--- TASK DETAILS ---
Once you find the line with "開車騎車切記不要酒後上路。(圖片來源/ TVBS)", transcribe it and all the lines that follow to the end of the data, exactly as written; skip any pictures.

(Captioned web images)
╔══

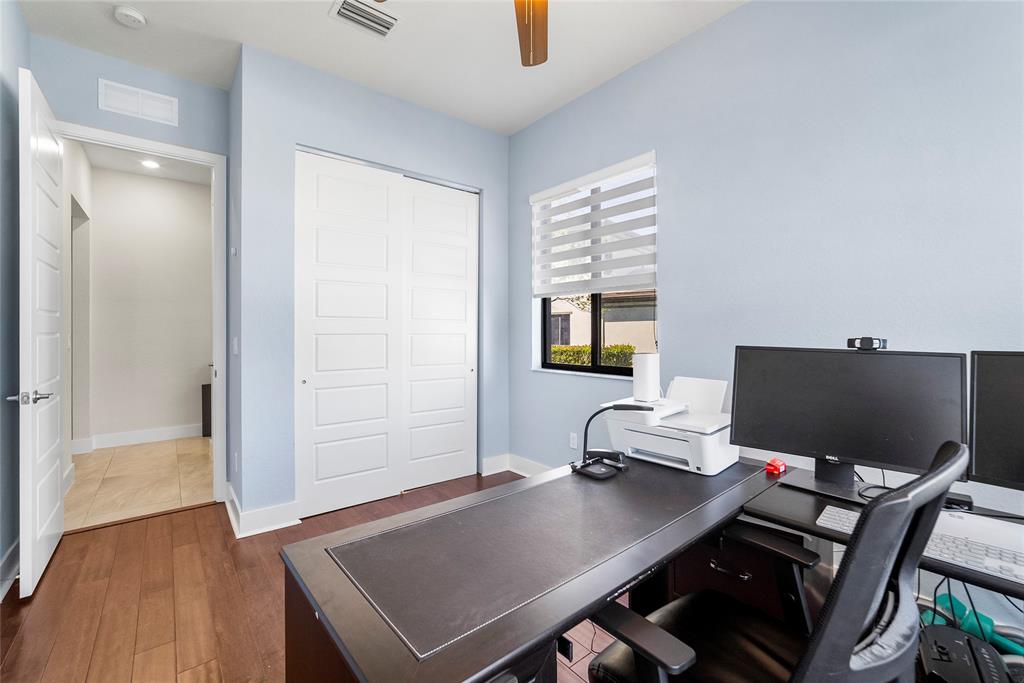Photo for 10410 S Lago Vista Circle, Parkland, FL 33076 - Listing #FX-10434740 10410 S Lago Vista Circle, Parkland, FL 33076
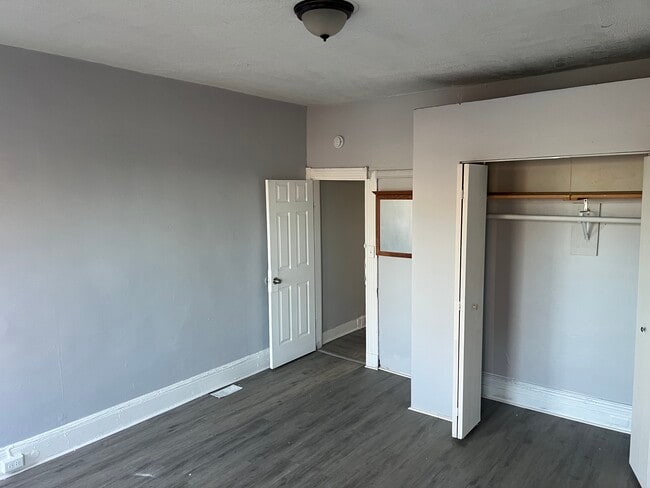 Building Photo - 257X McCulloh St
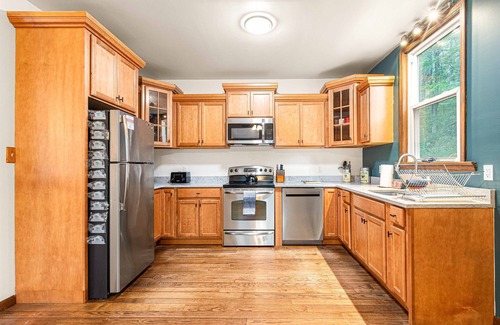 Milford Cabin | Creeks-4mins to Milford-Hot Tub-10 acres-Pinballs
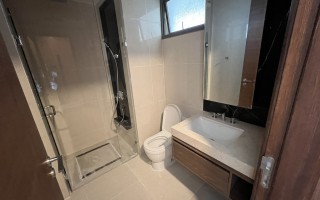 1982:&nbsp;&nbsp;２ベッドルーム&nbsp;&nbsp;&nbsp;1,400＄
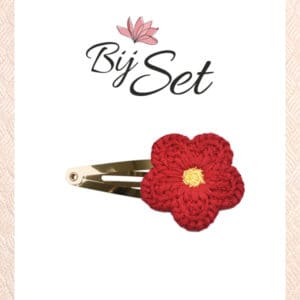 Gehaakte bloem rood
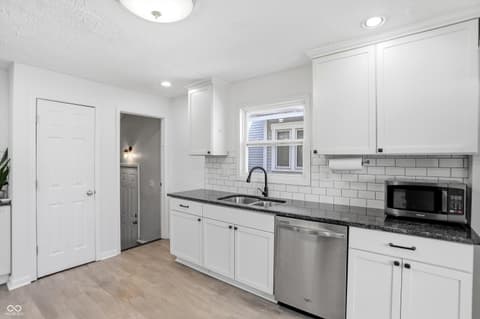 Kitchen at 3915 N Capitol Avenue, Indianapolis, IN
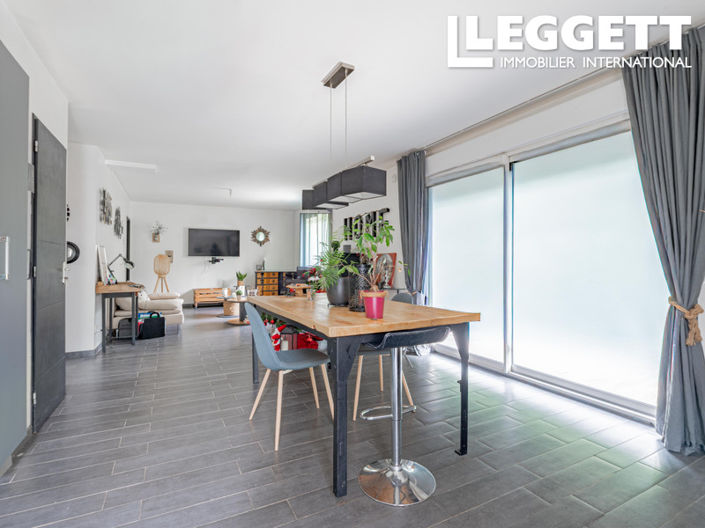 Image No.6-4 Bed House for sale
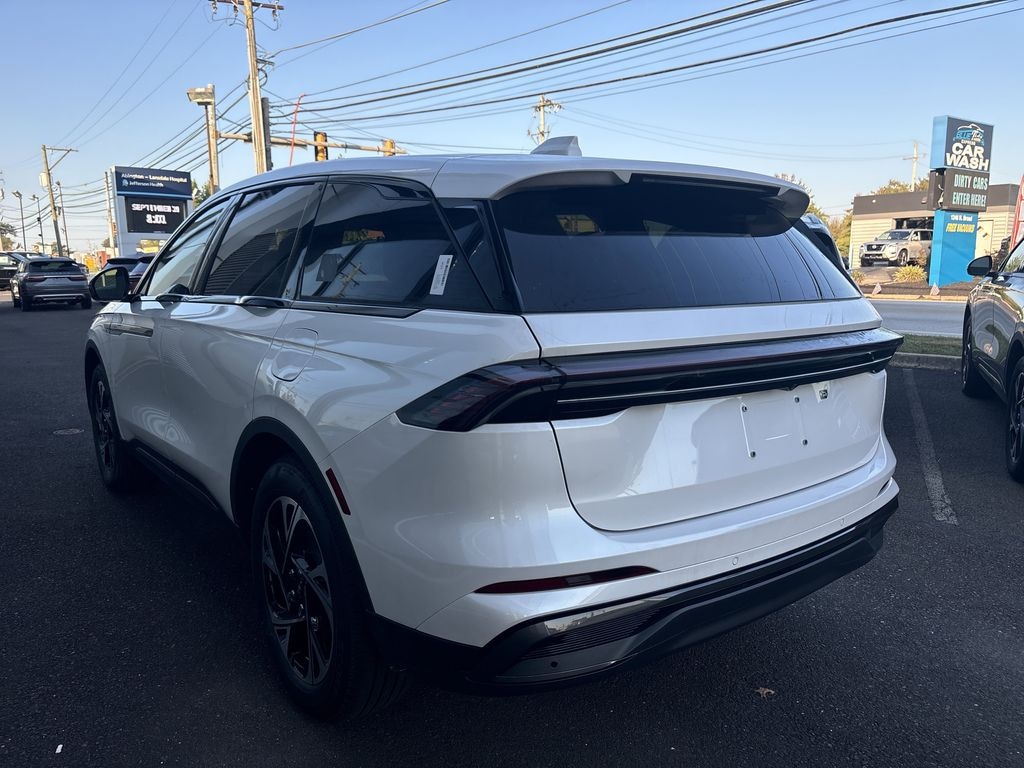 New 2025 Lincoln Nautilus Hybrid 2.0L AWD Premiere II w/ Jet Appearance Pkg SUV
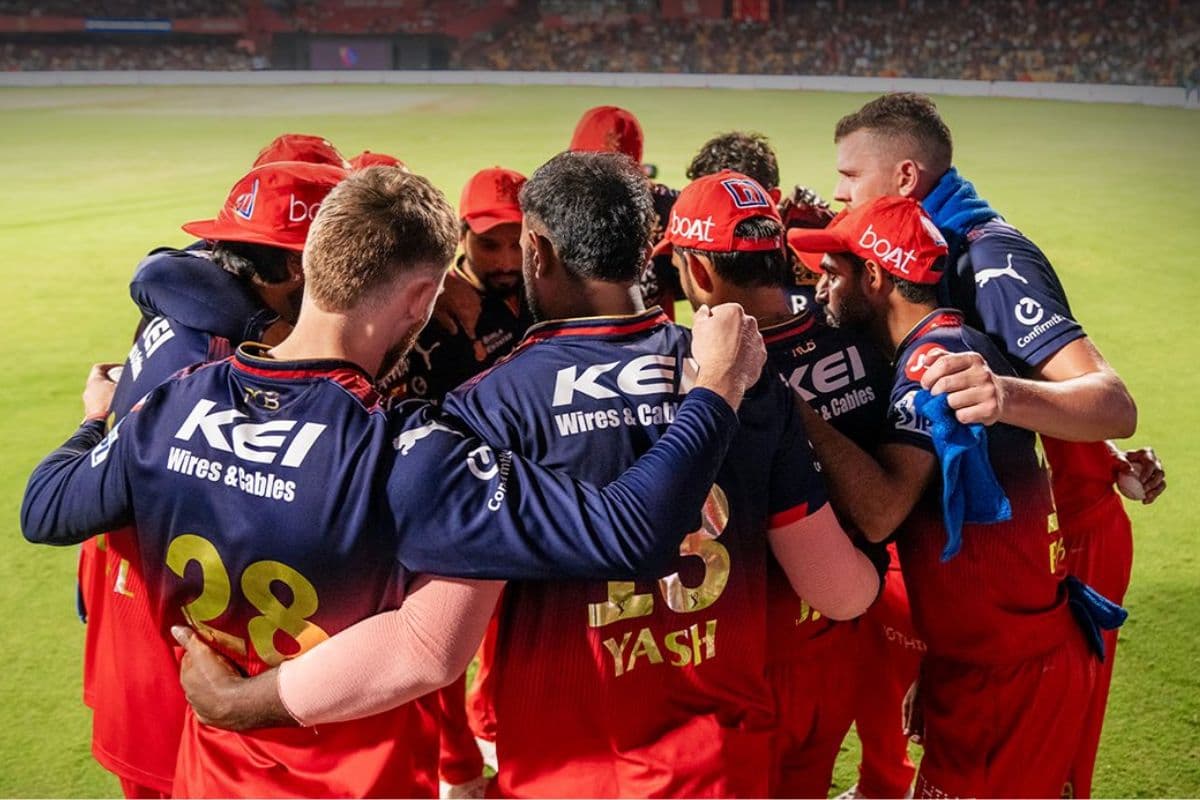 प्लेऑफ से पहले RCB ने चला बड़ा दांव, 6.8 फुट लंबे और रोहित-पांड्या के शिकारी को किया शामिल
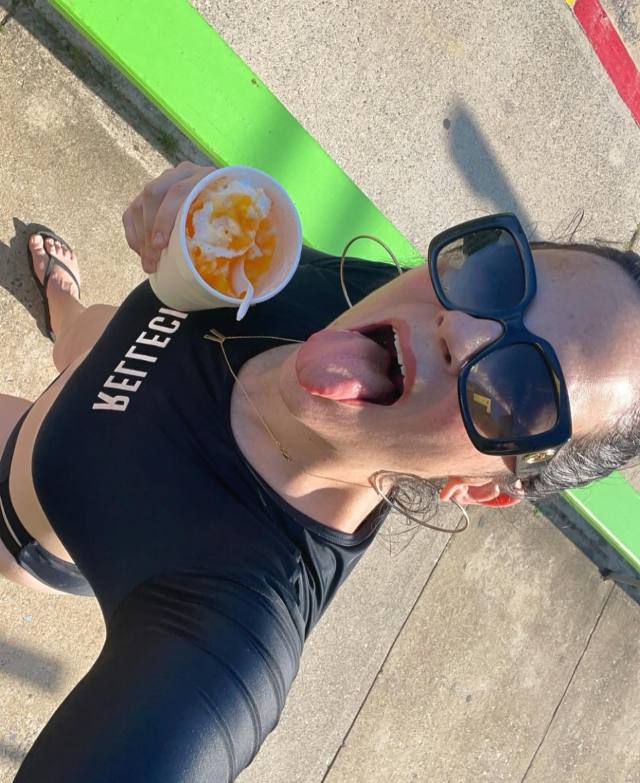 NO PAYMENT REQUIRED- SEXY SINGLE MOM AND TO HAVE FUN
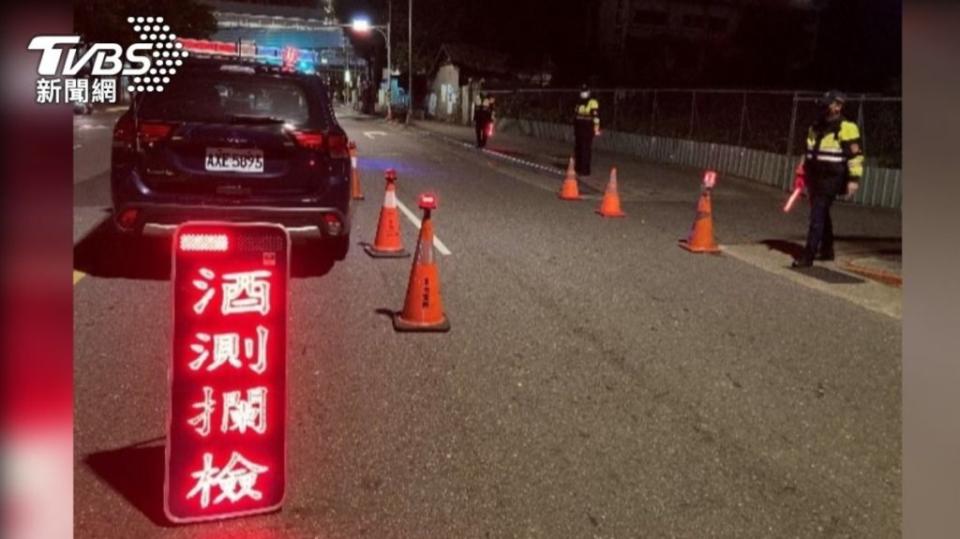 開車騎車切記不要酒後上路。(圖片來源/ TVBS)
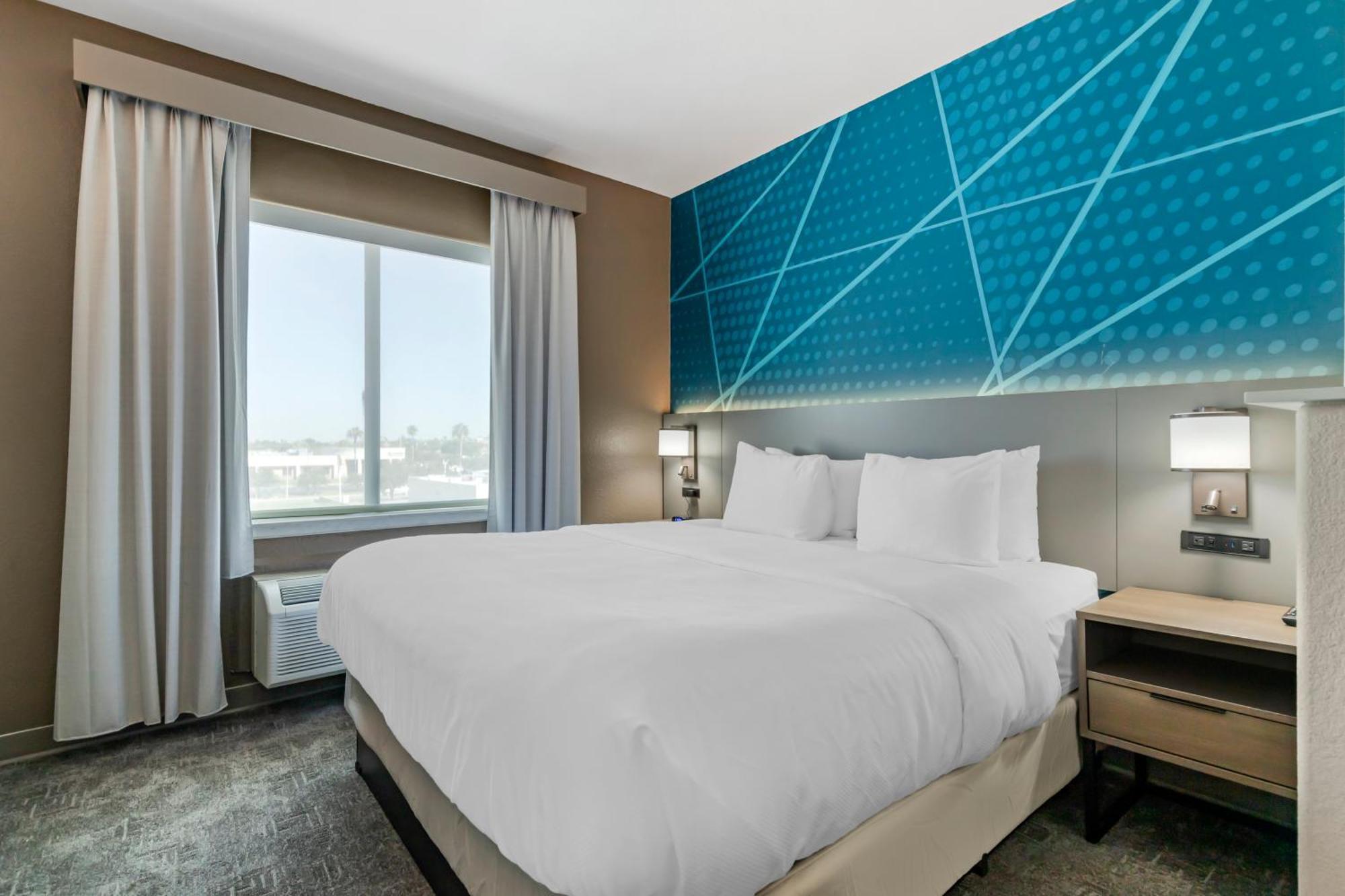 Comfort Suites Ларедо Экстерьер фото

╚══

--- ANSWER AREA ---
 開車騎車切記不要酒後上路。(圖片來源/ TVBS)
 Comfort Suites Ларедо Экстерьер фото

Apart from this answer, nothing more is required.